Thursday, October 11, 2007

The Star Thrower. Loren Eiseley. Significant Sentences 17

Significant sentences from Loren Eiseley's The Star Thrower, a collection of Eiseley's essays on nature and humanity's relationship to it.

Title of Essay: "How Natural is 'Natural' "?

"...in our day he [man] has pierced so deeply through the screen of appearances that the age-old distinctions between matter and energy have been dimmed to the point of disappearance." p. 283.

"He [man] holds the heat of suns within his hands and threatens with it both the lives and the happiness of his unborn descendants." p. 284.

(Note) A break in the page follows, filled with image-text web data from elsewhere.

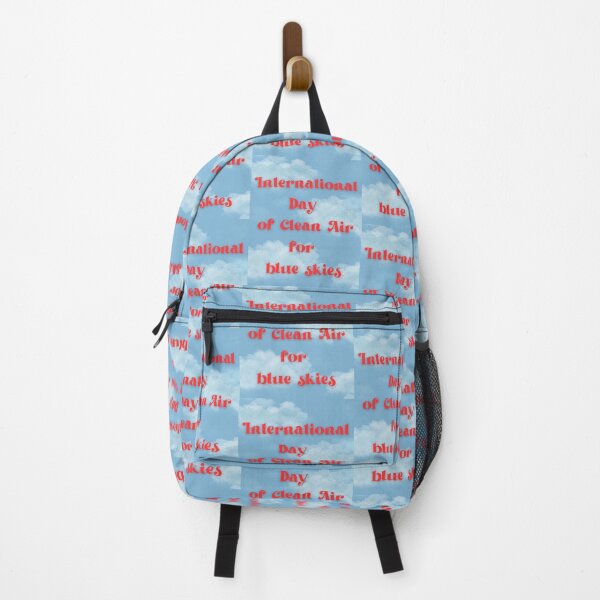 Item preview, International day of clean air for blue skies designed and sold by Simo0455.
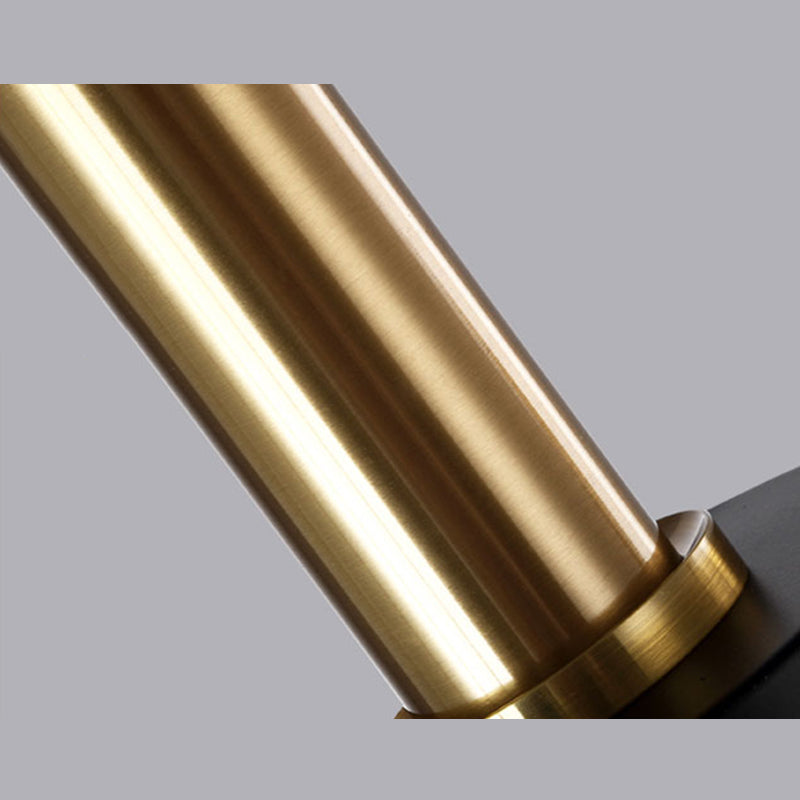 1-Licht-Metallzylinder Anhänger Licht moderner Stil Down Lighting für Esszimmer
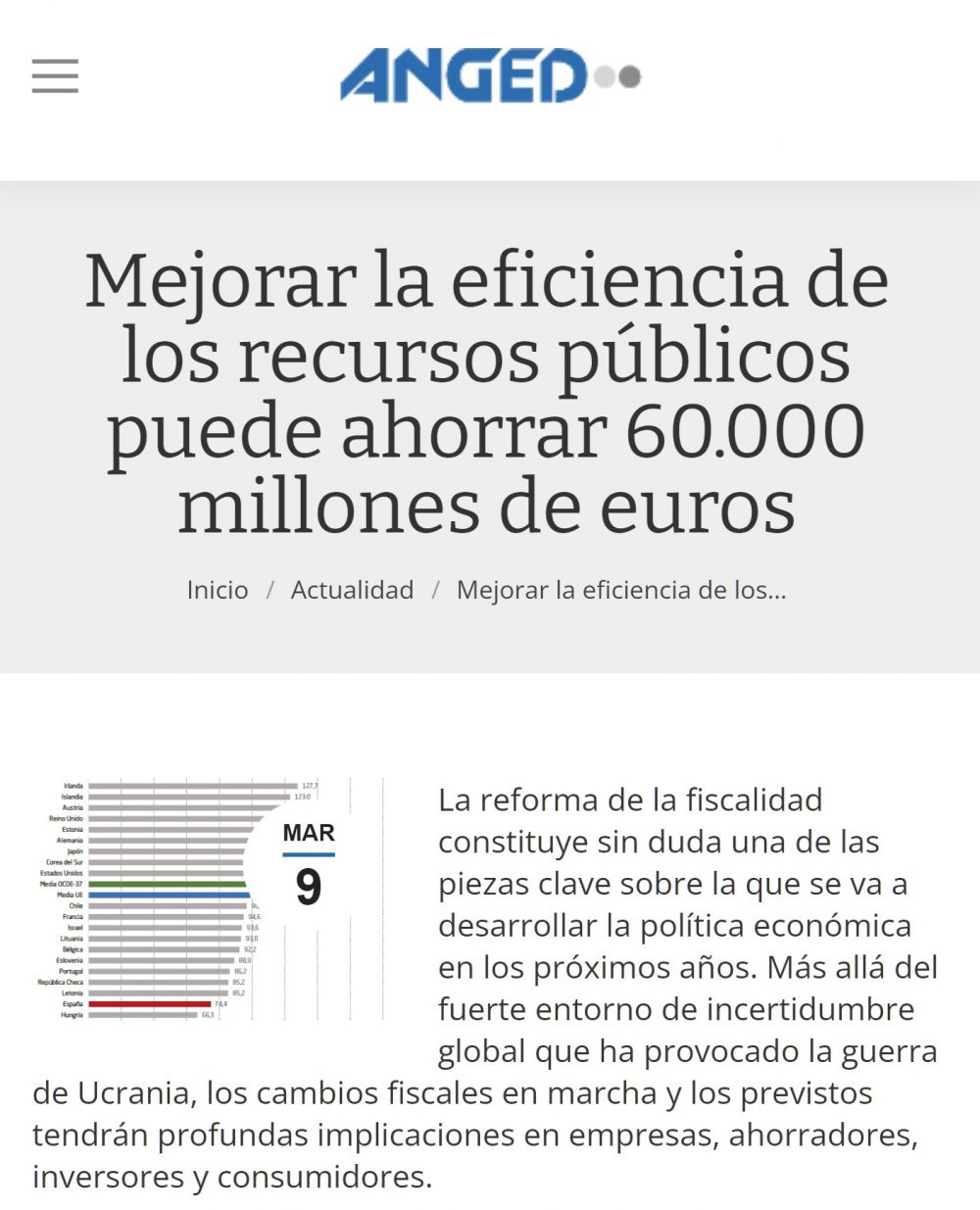 Mientras Madrid vive una turbomanifestación en defensa de la sanidad pública, seguimos sin atender al principal problema de nuestro país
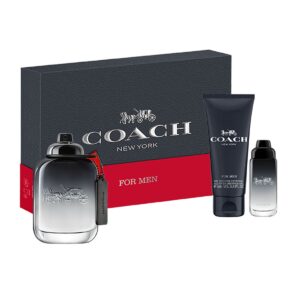 Coach New York for Men Eau de Toilette 3 Piece Gift Set 100ml at Ratans Online Shop - Perfumes Wholesale and Retailer Fragrance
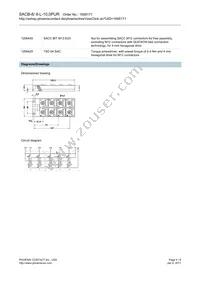 1695171 Datasheet Page 4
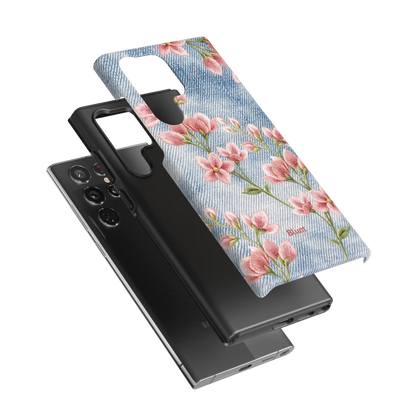 Floral-Fade-samsung-case-Galaxy S22 Ultra-3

Pascal: "There is nothing natural which we do not destroy." p. 284.

"As society improves physically, we assume the improvement of the individual and are all the more horrified at those mass movements of terror which have so typified the first half of the twentieth century." p. 284.

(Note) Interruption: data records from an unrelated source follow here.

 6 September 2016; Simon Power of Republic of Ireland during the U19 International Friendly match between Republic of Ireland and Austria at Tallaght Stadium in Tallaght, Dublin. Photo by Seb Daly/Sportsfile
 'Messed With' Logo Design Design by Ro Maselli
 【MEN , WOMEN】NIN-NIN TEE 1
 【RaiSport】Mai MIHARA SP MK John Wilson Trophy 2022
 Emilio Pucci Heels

"The special value of science lies not in what it makes of the world, but in what it makes of the knower." p. 291.

"The Renaissance thinkers were right when they said that man, the Microcosm, contains the Macrocosm." p. 293.

Kierkegaard: "Maturity consists in the discovery that there comes a critical moment where everything is reversed, after which the point becomes to understand more and more that there is something which cannot be understood." p. 294.

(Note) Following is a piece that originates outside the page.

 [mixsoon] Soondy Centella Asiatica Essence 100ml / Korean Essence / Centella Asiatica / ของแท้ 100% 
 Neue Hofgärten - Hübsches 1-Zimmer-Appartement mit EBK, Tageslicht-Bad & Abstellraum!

"Man's quest for certainty is, in the last analysis, a quest for meaning." p. 295.

"...to see, beyond the natural, to that inexpressible realm in which the words 'natural' and 'supernatural' cease to have meaning." p. 296.

Reflections: You can't get more cryptic than the last sentence. I think Eiseley means that at some point the natural and the supernatural come together as one entity. Make of that what you want.

I really like the sentence on page 291 that the goal of science is not what it makes of the world but what it makes of the knower. What does that sentence mean to you? RayS.